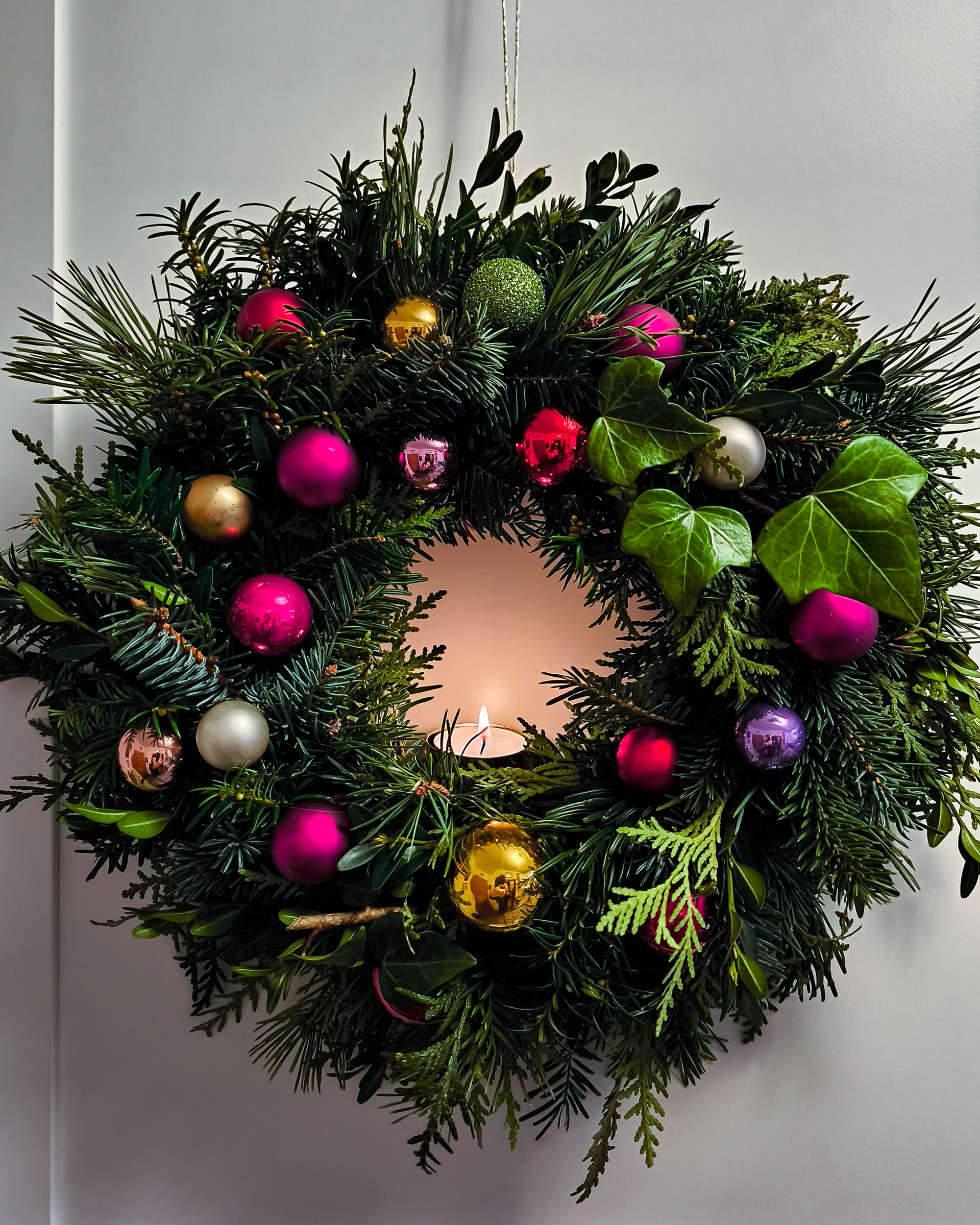 Winter-Kranz mit Weihnachtskugeln, ca. Ø 40cm, Strohring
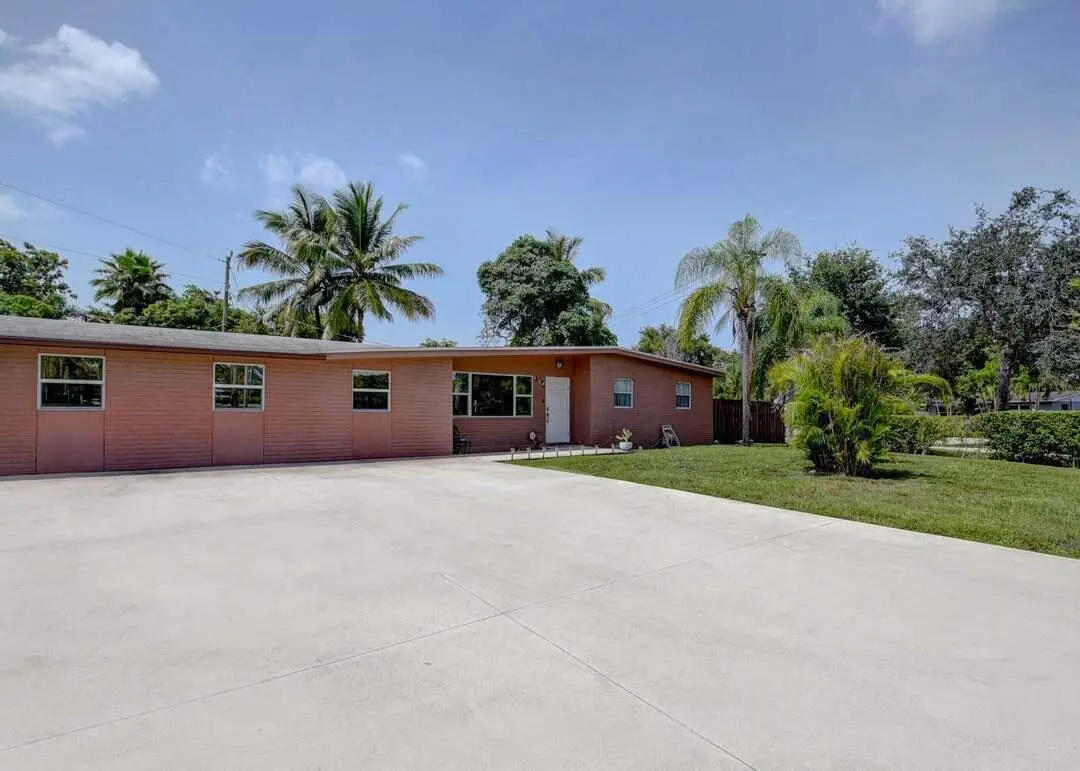 IMG_0964 at 612 Hibiscus Drive, Royal Palm Beach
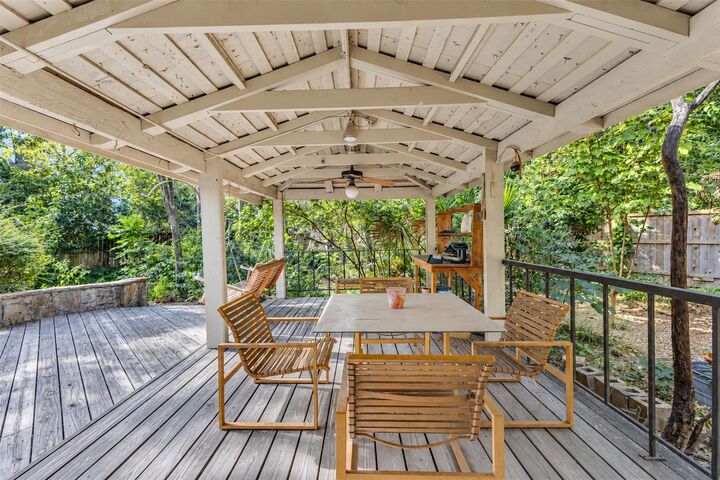 Property Photo: 513 Ripple Creek Drive TX 77024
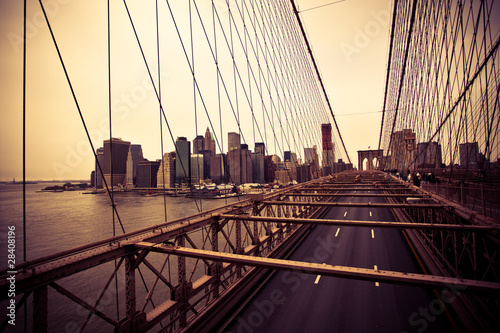 widok-na-dzielnice-finansowa-od-mostu-brooklynskiego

· · · ·

◆ **WORK REQUEST**: Copy exactly the lines from the line that holds "Property Photo: 513" to the end of the listing, both included. Leave the pictures out.

◆ **FINAL ANSWER**:
 Property Photo: 513 Ripple Creek Drive TX 77024
 widok-na-dzielnice-finansowa-od-mostu-brooklynskiego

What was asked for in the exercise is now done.